Shaurya Malwa · 4 hours ago · 2 min read
Bitcoin › U.S. › Scams
U.S. feds bust Instagram star for promoting Bitcoin scams
New York cops bust one 'Jay Manzini' yesterday on charges of wire fraud related to Bitcoin. Here’s why.
Federal prosecutors in Brooklyn bust one ‘Jay Manzini’ yesterday on charges of perpetuating a wire fraud using Bitcoin, city outlet Daily News said this morning.
Buying Bitcoin over Instagram
Identified as Jebara Igbara, the man hunted for potential victims on social app Instagram and marketed a fiat-to-BTC scheme to his millions of followers. Bitcoin, the world’s largest cryptocurrency by market cap, has grown over tenfold in the past year, trading from under $5,000 in May to over $60,000 last month.

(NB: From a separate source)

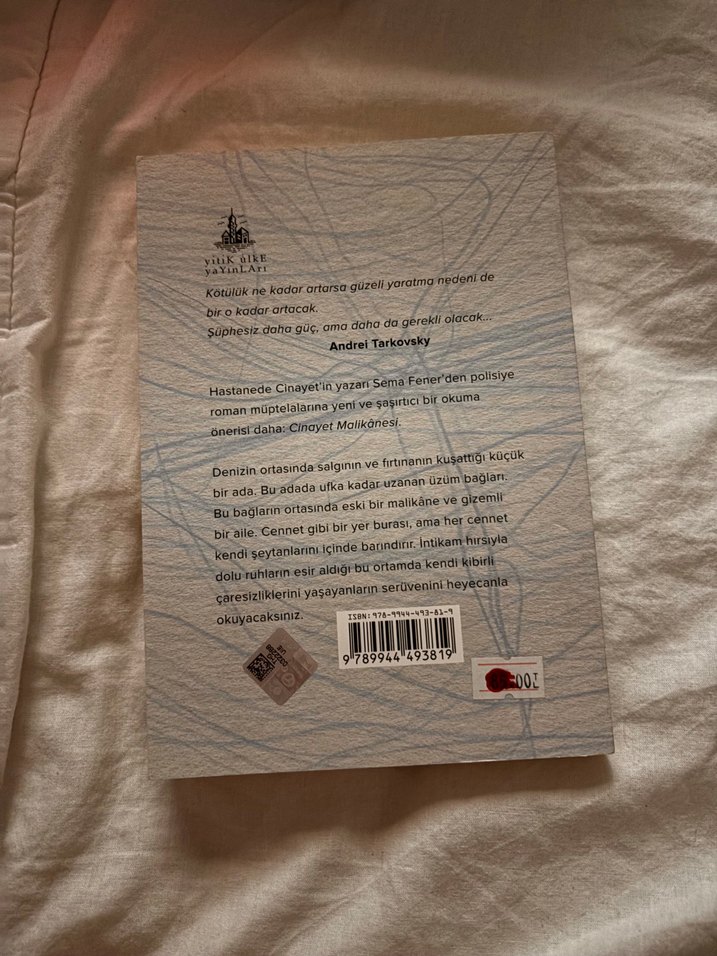 Cinayet Mahallî Kanesi - Sema Fener - Görsel 2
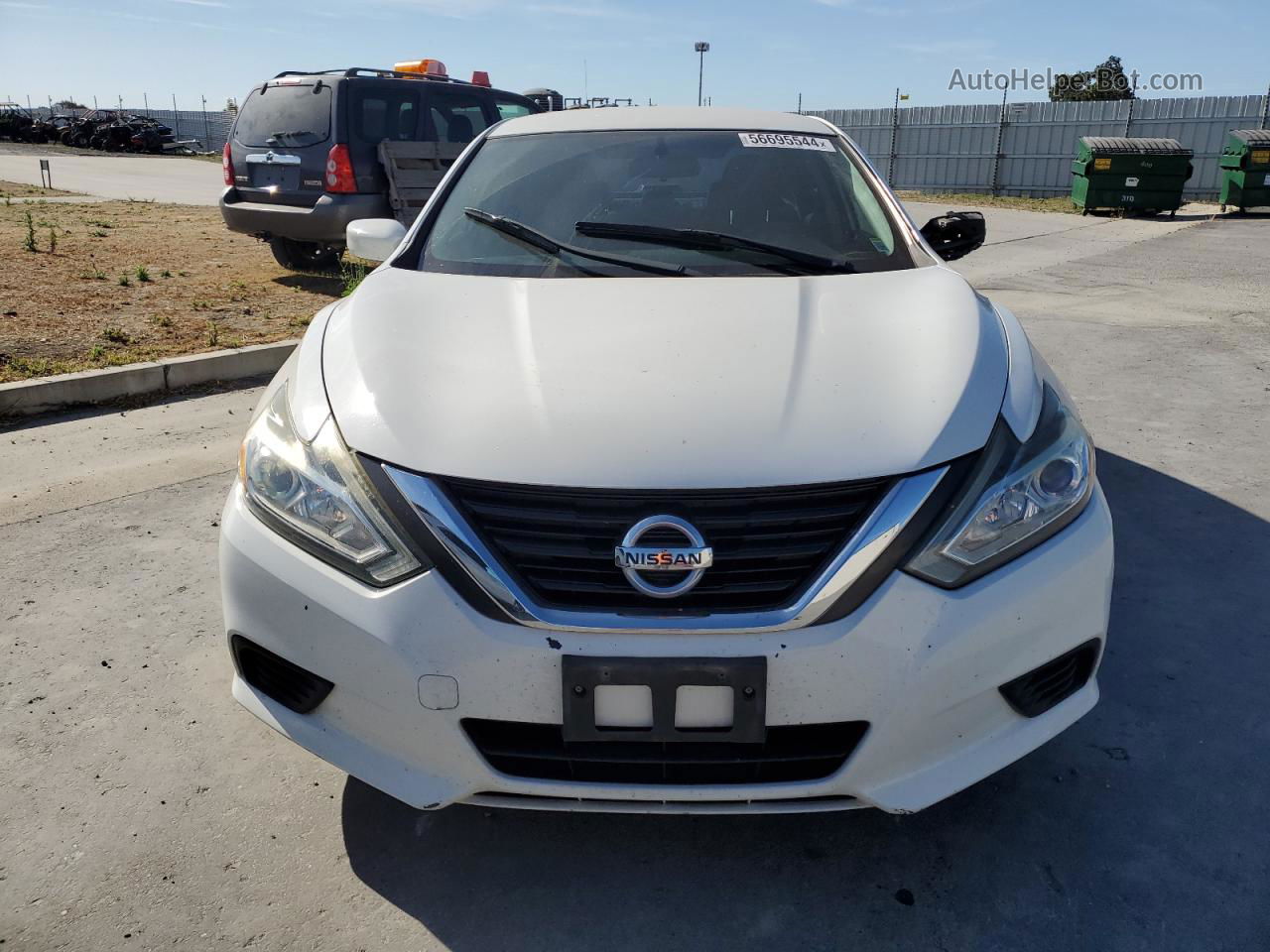 2016 Nissan Altima 2.5 White vin: 1N4AL3AP5GC179000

Prosecutors said that the man built credibility on Instagram via promoting business ventures and doling out large amounts of money to random people in New York.
The fraud was as follows: Igbara offered a higher-than-market rate to purchase Bitcoin and lure unsuspecting victims. In January earlier this year, when the asset traded at a $47,000 price level, Igbara offered over $52,000 per Bitcoin to his followers.
But that is where the deal went wrong. Igbara did take the Bitcoin but never sent the full payment. He faked wire transfers while pocketing the illicit-gained Bitcoin.
“Igbara’s social media persona served as a backdrop for enticing victims to sell him their Bitcoin at attractive, but inflated, values. A behind-the-scenes look, however, revealed things aren’t always as they seem,” stated FBI Assistant Director William Sweeney.
“There was nothing philanthropic about the Bitcoin transactions Igbara engaged in with his victims. A quick search of the Interwebs today will reveal an entirely different image of this multimillion-dollar scammer.”
One such case in January saw Igbara promise to pay over $2.5 million for 50 BTC—a high premium above the market value of the stack at the time. However, he ended up paying only $500,000 to the seller.
As per a criminal complaint, Igbara claimed to have a net worth of over $33 million. But even with a supposed bank account that high, he ended up scamming at least three sellers in a similar way.